I began creating the webnovel, 1969: Protest, Sex, Drugs, and Rock n' Roll, in 1995 when, as a consultant in educational publishing, I observed that early web-based content seemed to be primarily paper-based content transferred, more or less as is, to the web. It seemed to me that as with many other technologies of the past 150 years, such as photography, records (sound recordings), movies (motion pictures), radio, and television, most web content creators were stuck in the paradigms of the "old media."

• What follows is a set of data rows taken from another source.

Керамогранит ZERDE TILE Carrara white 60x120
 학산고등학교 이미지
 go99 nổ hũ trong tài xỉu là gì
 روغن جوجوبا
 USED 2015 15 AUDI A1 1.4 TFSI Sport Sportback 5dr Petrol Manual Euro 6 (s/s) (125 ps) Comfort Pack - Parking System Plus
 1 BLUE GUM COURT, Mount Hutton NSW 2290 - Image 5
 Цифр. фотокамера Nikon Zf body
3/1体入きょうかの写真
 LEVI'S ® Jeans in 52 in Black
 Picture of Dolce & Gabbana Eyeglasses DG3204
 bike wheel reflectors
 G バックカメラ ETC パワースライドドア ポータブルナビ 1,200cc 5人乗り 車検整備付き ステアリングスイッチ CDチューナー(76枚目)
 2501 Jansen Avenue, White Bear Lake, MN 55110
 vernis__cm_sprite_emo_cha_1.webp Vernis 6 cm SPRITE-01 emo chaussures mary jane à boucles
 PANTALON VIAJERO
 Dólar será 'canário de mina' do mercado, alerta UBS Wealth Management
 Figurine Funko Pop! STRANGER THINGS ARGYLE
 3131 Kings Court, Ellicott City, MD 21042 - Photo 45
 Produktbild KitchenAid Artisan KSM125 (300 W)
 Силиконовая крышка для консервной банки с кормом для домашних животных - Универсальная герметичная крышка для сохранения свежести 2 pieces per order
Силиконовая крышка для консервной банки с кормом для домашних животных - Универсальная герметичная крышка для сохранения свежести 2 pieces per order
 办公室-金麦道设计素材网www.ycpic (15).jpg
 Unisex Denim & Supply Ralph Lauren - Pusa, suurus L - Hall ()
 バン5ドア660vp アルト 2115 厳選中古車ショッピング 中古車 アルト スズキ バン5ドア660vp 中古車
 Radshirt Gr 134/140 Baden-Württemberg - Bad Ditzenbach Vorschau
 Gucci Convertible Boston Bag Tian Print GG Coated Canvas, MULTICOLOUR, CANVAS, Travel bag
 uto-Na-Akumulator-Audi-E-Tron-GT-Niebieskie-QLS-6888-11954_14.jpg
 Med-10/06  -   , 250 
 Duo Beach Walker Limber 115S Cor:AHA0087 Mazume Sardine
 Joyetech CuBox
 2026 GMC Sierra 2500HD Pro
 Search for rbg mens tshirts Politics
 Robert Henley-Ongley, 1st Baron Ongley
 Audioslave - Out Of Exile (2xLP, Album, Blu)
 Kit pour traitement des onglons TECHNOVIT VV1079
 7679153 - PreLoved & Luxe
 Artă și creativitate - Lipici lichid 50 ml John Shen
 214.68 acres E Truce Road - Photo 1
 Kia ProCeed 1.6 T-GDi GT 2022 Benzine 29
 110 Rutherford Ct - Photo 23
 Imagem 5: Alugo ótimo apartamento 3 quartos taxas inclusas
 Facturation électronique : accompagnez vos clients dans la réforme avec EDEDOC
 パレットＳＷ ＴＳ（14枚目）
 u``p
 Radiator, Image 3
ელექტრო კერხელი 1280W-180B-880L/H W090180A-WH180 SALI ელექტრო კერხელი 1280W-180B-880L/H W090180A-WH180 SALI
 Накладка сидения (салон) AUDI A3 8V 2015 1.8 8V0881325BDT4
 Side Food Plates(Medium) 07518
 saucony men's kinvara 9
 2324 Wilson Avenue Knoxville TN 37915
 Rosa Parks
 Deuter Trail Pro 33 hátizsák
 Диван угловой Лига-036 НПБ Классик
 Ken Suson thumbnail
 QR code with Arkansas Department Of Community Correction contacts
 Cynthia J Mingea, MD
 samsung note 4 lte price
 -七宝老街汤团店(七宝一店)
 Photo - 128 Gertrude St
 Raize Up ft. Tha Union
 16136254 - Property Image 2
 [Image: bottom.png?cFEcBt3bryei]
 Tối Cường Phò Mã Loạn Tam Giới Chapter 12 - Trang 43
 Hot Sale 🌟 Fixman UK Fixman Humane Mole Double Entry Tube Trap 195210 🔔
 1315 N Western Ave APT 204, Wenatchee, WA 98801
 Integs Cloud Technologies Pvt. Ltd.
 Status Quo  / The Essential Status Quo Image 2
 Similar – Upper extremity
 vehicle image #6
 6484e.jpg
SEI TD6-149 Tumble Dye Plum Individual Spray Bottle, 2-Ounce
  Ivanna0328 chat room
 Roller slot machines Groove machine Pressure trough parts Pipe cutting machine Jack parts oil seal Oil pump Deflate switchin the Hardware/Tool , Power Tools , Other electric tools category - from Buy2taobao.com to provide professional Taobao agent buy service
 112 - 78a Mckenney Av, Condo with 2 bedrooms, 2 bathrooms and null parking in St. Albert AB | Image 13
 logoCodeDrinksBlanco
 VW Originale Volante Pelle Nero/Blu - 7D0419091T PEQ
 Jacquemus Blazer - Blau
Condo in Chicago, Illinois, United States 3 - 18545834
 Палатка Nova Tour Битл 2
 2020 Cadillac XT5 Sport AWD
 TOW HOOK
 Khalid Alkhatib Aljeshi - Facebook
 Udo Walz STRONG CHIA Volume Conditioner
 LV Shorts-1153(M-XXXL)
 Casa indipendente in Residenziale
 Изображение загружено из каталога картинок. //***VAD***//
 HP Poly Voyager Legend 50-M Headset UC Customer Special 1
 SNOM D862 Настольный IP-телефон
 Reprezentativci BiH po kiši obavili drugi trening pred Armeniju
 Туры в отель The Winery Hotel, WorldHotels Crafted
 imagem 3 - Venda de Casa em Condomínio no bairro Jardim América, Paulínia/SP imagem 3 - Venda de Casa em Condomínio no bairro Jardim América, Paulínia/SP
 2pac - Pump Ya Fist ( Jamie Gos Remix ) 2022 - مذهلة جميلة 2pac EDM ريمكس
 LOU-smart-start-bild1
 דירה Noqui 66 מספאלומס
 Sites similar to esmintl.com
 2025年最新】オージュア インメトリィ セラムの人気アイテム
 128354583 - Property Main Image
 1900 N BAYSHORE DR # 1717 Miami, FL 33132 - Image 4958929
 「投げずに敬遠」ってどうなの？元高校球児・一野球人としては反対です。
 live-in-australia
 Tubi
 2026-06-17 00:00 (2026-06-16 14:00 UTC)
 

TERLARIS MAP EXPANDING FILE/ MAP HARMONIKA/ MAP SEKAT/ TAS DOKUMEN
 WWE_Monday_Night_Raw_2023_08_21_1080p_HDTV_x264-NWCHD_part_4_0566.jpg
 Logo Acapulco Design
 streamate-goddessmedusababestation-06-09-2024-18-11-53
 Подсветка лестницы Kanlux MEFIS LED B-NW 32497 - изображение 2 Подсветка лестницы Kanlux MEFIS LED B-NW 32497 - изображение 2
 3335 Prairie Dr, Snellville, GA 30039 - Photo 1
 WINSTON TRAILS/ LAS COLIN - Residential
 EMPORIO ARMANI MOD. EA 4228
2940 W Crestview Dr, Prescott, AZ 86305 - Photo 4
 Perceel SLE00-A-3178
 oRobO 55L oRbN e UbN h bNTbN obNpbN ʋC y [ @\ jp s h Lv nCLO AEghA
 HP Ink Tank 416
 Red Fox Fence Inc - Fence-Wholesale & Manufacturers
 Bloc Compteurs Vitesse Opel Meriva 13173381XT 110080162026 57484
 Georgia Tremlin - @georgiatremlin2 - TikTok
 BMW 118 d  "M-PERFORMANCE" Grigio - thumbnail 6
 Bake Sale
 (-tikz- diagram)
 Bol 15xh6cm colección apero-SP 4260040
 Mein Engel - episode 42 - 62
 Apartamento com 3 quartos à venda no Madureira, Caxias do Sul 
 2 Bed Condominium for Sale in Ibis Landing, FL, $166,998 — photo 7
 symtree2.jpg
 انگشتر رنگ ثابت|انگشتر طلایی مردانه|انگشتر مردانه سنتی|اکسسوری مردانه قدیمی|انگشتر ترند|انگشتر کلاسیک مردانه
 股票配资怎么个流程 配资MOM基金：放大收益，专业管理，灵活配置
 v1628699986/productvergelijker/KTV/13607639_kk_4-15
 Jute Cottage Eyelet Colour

I was determined to think "outside the box" about content creation for this new media and, as my work at that time was primarily in educational publishing, I first focused on what I hoped would be new paradigms for teaching and learning in light of the web. Sad to say, efforts (by me and others) to get the educational publishing industry to embrace genuinely new and powerful approaches to educational content creation and delivery have, by and large, failed. After observing the use of computer technology in K-12 education for more than thirty years, my personal judgment is that most such uses are, at best, extensions of 19th century pedagogy and technology.
Meanwhile, I decided to apply my thoughts about a new paradigm for content creation and publishing to my avocation, writing fiction. Here, I found a different sort of obstacle: for many years, my ideas for web-based fiction were ahead of the web content-creation tools available to writers who might not be techies. In the last few years, however, with the advent of blogs and media file-sharing sites, there are beginning to be some web authoring tools that may address the needs of writers seeking to create works specifically for this new medium.
In the meantime, traditional book (and other media) publishers have as yet to figure out their place in this "brave new world" of web-based content creation and distribution.
So, I have begun to work with a small group of writers to think outside the box about creating and publishing original works over the web, both fiction and non-fiction, for adults and young adults, for the consumer and the school markets.
One's crystal ball need not extend very far to see that some form of wireless, digital communication is already becoming the primary medium for popular culture; should not, then, fiction writers be figuring out how best to use this medium to portray life in all the richness and variability heretofore done largely through novels, short stories, poetry, and film?
For my part, I have begun to publish several webnovels in serial form, emulating the 19th century practice of doing so though newspapers and magazines, which for most people were the equivalent of the 20th century's radio and TV. I hope that you will join me in this endeavor, at least as "readers" and critics, perhaps as fellow authors and/or contributors.